*Exercise description*
Write out once more the lines running from the top of the entries below to the line with "Подержанный GMC Sierra", both ends included.

*Excerpted records*

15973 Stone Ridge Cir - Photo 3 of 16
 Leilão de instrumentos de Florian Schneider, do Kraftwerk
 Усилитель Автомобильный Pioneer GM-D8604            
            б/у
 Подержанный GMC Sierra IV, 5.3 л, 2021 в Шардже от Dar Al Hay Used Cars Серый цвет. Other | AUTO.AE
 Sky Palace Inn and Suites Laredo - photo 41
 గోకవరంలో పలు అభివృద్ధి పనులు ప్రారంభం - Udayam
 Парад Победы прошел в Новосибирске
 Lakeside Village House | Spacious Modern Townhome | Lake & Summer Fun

*Response area*
15973 Stone Ridge Cir - Photo 3 of 16
 Leilão de instrumentos de Florian Schneider, do Kraftwerk
 Усилитель Автомобильный Pioneer GM-D8604            
            б/у
 Подержанный GMC Sierra IV, 5.3 л, 2021 в Шардже от Dar Al Hay Used Cars Серый цвет. Other | AUTO.AE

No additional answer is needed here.